Contrary to my testing on my PIII, the incremented pointers were faster than the STOSD algo. I did a similar algo using MMX loading with MOVQ and writing to memory with MOVNTQ and it was measurably faster.
I did the next one using XMM loading with MOVUPS and writing with MOVNTPS but it produced identical times to the MMX version.
On 128 meg, 16 byte aligned, the times were as follows,
STOSD 602 ms
incremented pointers 580 ms
MMX 453 ms
XMM 453 ms
What I found interesting was that with the three algos that could be unrolled, none were any faster at all when unrolled by a factor of 8 or smaller.
The algos below are test pieces and have no trickery with cache or prefetch.
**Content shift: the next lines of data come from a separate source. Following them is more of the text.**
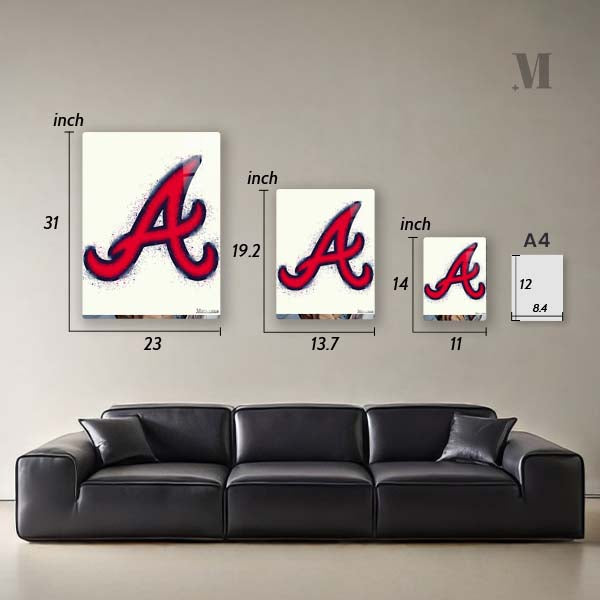 Atlanta Braves Watercolor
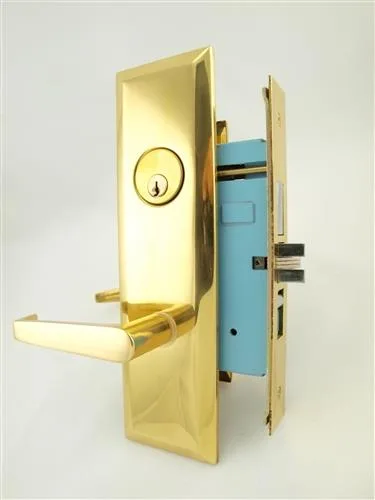 MAXTECH MAXTECH 1033 Polished Brass Left Hand Mortise Door Lock — product photo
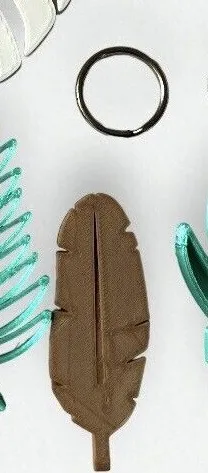 Banana Leaf Keychain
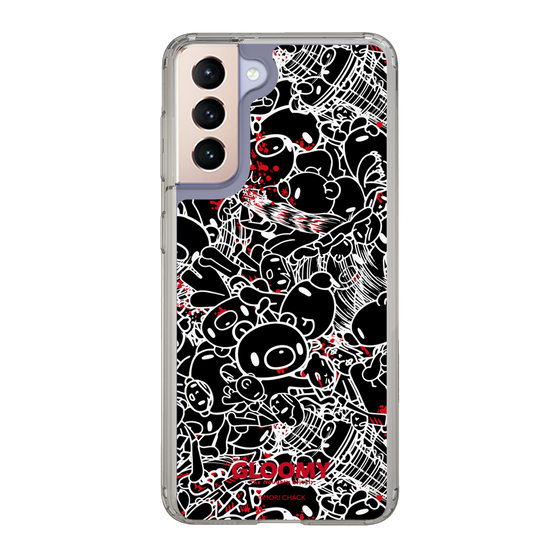 Slim Protection Case［ Gloomy - Pattern - Black ］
; ########################################################################
MemFill3 proc lpTarget:DWORD,lnth:DWORD,fillchar:DWORD
LOCAL sixteenbyte:OWORD
push esi
mov esi, lpTarget
mov ecx, lnth
shr ecx, 4 ; div by 16
mov eax, fillchar
mov DWORD PTR sixteenbyte[0], eax
mov DWORD PTR sixteenbyte[4], eax
mov DWORD PTR sixteenbyte[8], eax
mov DWORD PTR sixteenbyte[12], eax
movups xmm(0), sixteenbyte ; load xmm(0) with the 4 DWORD fill values
@@:
movntps [esi], xmm(0)
add esi, 16
dec ecx
jnz @B
pop esi
ret
MemFill3 endp
; ########################################################################
MemFill2 proc lpTarget:DWORD,lnth:DWORD,fillchar:DWORD
LOCAL eightbyte:QWORD
push esi
mov esi, lpTarget
mov ecx, lnth
shr ecx, 3 ; div by 8
mov eax, fillchar
mov DWORD PTR eightbyte[0], eax
mov DWORD PTR eightbyte[4], eax
movq mm(0), eightbyte ; load mm(0) with the 2 DWORD fill values
@@:
movntq [esi], mm(0)
add esi, 8
dec ecx
jnz @B
emms
pop esi
ret
MemFill2 endp
; ########################################################################
MemFill1 proc lpTarget:DWORD,lnth:DWORD,fillchar:DWORD
mov edx, lpTarget
mov ecx, lnth
add ecx, edx
mov eax, fillchar
sub edx, 4
@@:
add edx, 4
mov [edx], eax
cmp edx, ecx
jl @B
ret
MemFill1 endp
; ########################################################################
MemFill proc lpTarget:DWORD,lnth:DWORD,fillchar:DWORD
push edi
mov edi, lpTarget
mov ecx, lnth
shr ecx, 2
mov eax, fillchar
rep stosd
pop edi
ret
MemFill endp
; ##########################################################################
About all I can think of is that the memory type in this box which is PC 133 SDRAM may be giving compressed results.
Regards,
hutch@movsd.com
Could you please attach a binary test programm? I am at work here on a P4 but without MASM :)
Attached.
One more piece of wisdom, with the memory testing algo, I again tried to replace a CMP/JMP with a CMOV?? but as with every instance that I have done it before it was measurably slower trhan the CMP/JMP.
Regards,
hutch@movsd.com
One more piece of wisdom, with the memory testing algo, I again tried to replace a CMP/JMP with a CMOV?? but as with every instance that I have done it before it was measurably slower trhan the CMP/JMP.
Regards,
hutch@movsd.com
I get the following times on my p4, RIMM ram - faster than pc133, but the results seem consistant to what you got.
435
421
367
364
clicking on the buttons from left to right :-)
435
421
367
364
clicking on the buttons from left to right :-)
The algos below are test pieces and have no trickery with cache or prefetch.
"The Pentium 4 processor provides hardware prefetching, in addition to software
prefetching. The hardware prefetcher operates transparently to fetch data and
instruction streams from memory, without requiring programmer?s intervention."